Please translate the following
Mój serce jest twój
Thank you kindly for all your help


----------



## GyörgyMS

Hi moh07,

Moje serce jest twoje.

My heart is yours.

GyörgyMS


----------



## Athaulf

GyörgyMS said:


> Moje serce jest twoje.
> 
> My heart is yours.



Interestingly, if you translate it as "my heart is thine," all four words are actually cognates from Proto-Indo-European.


----------



## beclija

Are you saying it's a stupid question? *g*


----------



## AndrzejR

It is better to say: _Moje serce należy do Ciebie_.

My heart belongs to you.


----------



## El Torero

how about:
Moje serce, moja dusza i ciało zawsze było jest i będzie tylko Twoje. 
My heart, soul and body was, is and always will be only yours.


----------



## Jana337

This thread spawned a new one.


----------



## AguAmor

El Torero said:


> how about:
> Moje serce, moja dusza i ciało zawsze było jest i będzie tylko Twoje.
> My heart, soul and body was, is and always will be only yours.



Someone can think that it is fool.
But for my it is a very good sentence (simple but good), because we can learn a little more about Polish grammar. It is very dificult. 

Thank you. Have a nice day!


----------



## Ben Jamin

AguAmor said:


> Someone can think that it is fool.
> But for my it is a very good sentence (simple but good), because we can learn a little more about Polish grammar. It is very dificult.

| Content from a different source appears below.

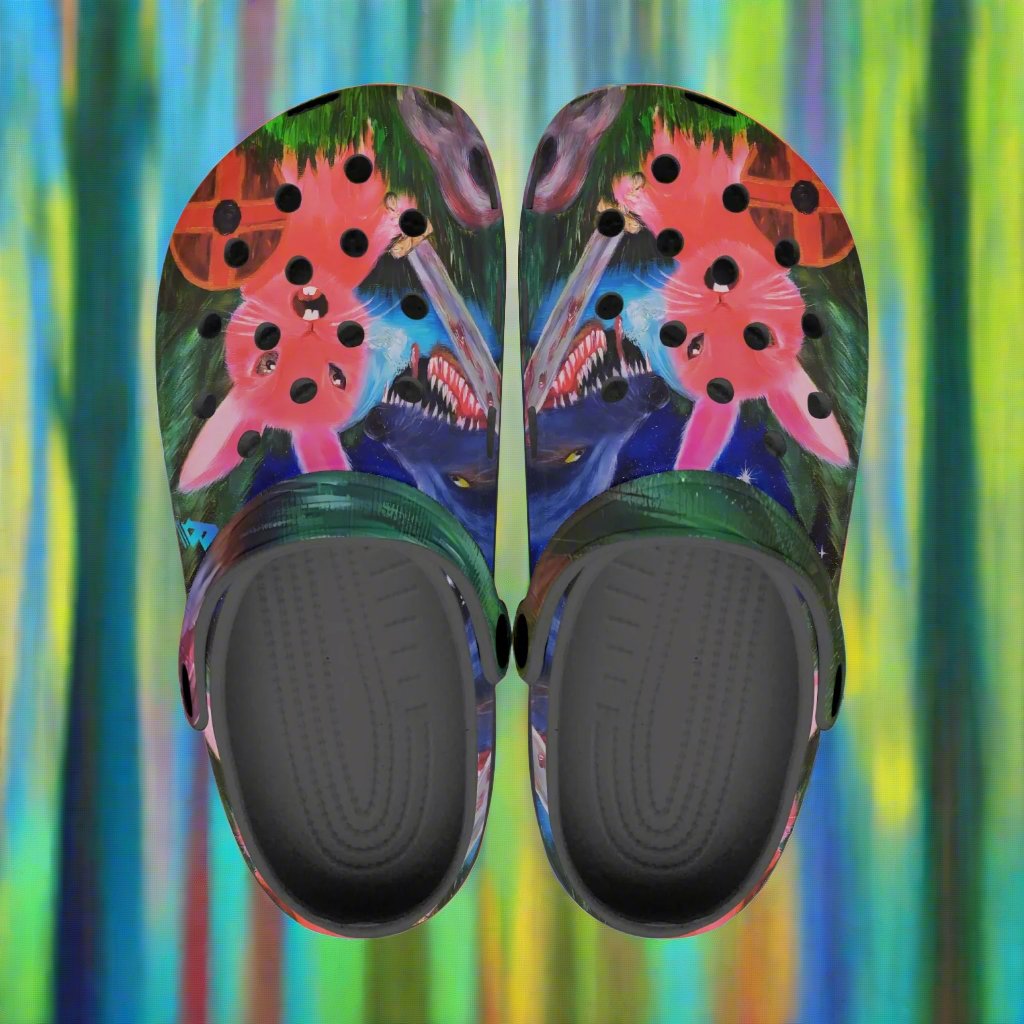 Viking Rabbit Rok-Clogs - Alternative Art Clogs for Men/Women/Kids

 Not so much different from Spanish, though:
(el) corazón mio es tuyo
(la) alma mia es tuya
The main difference is that Polish has three genders and Spanish only two.


----------



## Slovianka

"*Moje serce pełne Ciebie*, #My heart is full of you 
moje serce jest Twoje, #My heart is yours
jak długo/ile godzin/ nie widziałem Cię już nawet nie wiem, # I can't even remember for how long/how many hours/  I haven't seen you now
ale wiem, że zawsze będziemy we dwoje" # But I know we'll always be together

- a piece of a song by Tomek Lipiński


----------